Also noteworthy was who did not show up: the mayor had promised, but phoned at the last minute to say he was stuck on a highway across town with a flat tire. Another politician said he was sick in bed.
Fayetteville Police Chief Harold Medlock was on hand, and he endorsed our signs about freedom and safety for all.
Another honored visitor was Eve Eichenholz, the rabbi of the city’s Beth Israel synagogue. She spoke, joked and prayed. A Christian minister from the New Life Christian Academy spoke as well.
And after the speechifying, we trooped across the broad lawn to the sidewalk along Murchison Road, the busy artery that passes the mosque, to share the messages with the traveling public.
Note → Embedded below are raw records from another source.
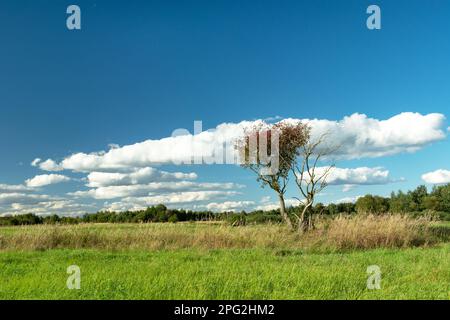 Wild tree in the meadow and white clouds on the blue sky, summer view Stock Photo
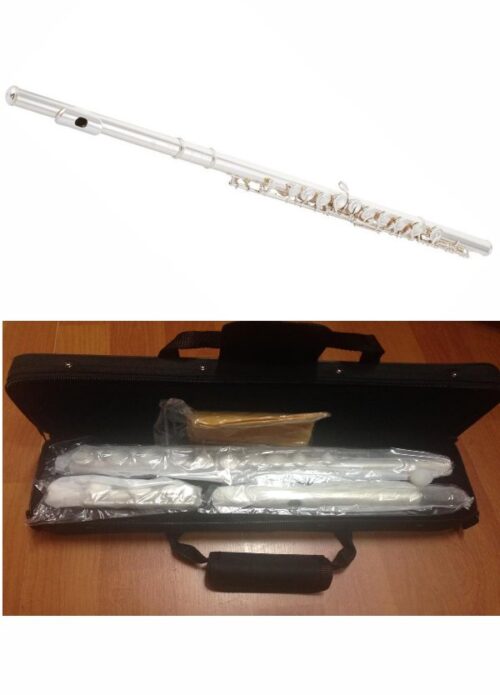 FLAUTO TRAVERSO STERN WSF10 CON CUSTODIA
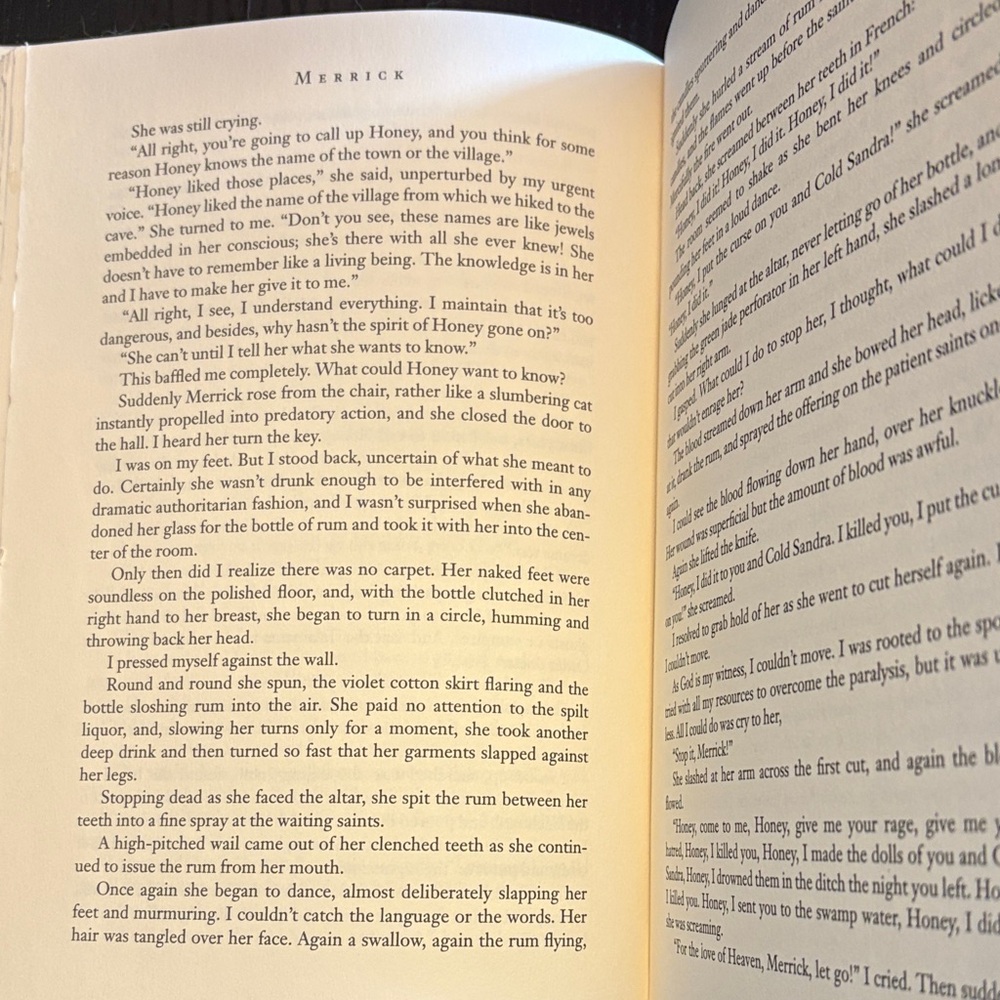 Merrick Hardcover Book by Anne Rice - Picture 5 of 9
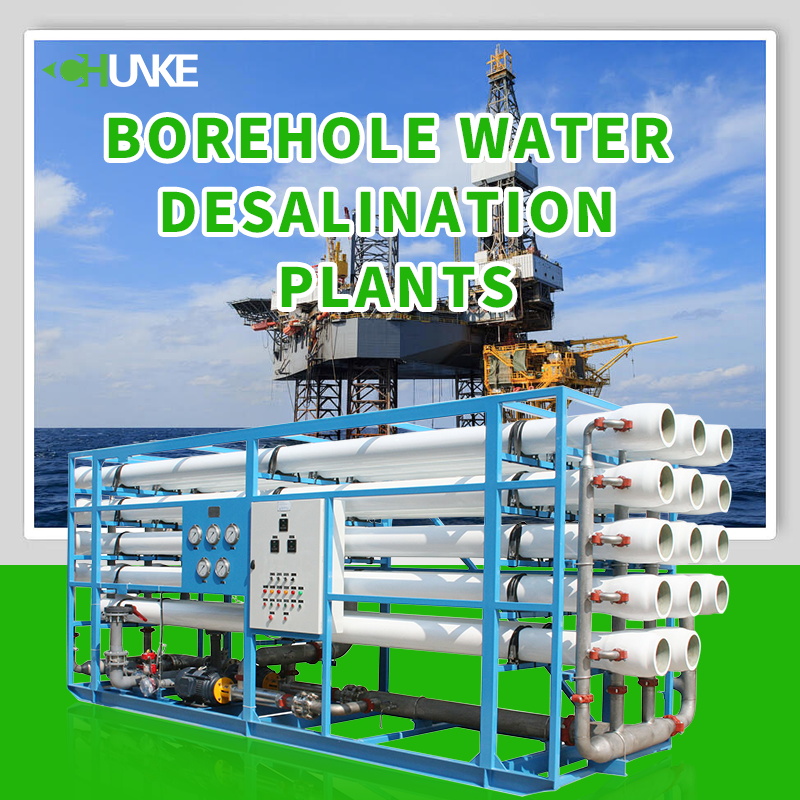 How does a borehole seawater desalination plant use reverse osmosis technology to achieve seawater desalination?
Many of the Muslims had brought signs of their own. Many of them were plain and punchy also. And I did not hear any jeers from motorists. In fact, the forces of bigotry were strangely silent on this brilliant, cool afternoon.
For that brief time, one could dare to think we had only been imagining all the hate talk about bans on immigration and Muslim visitors, about walls along the border, and war after war after war. (But we hadn’t imagined it, alas.)
Local news media turned out in force: cameras and microphones were numerous and busy.
As a show of good feeling, this rally was a big success. Will it help change the troubling climate in this country? Will a drop fill a bucket?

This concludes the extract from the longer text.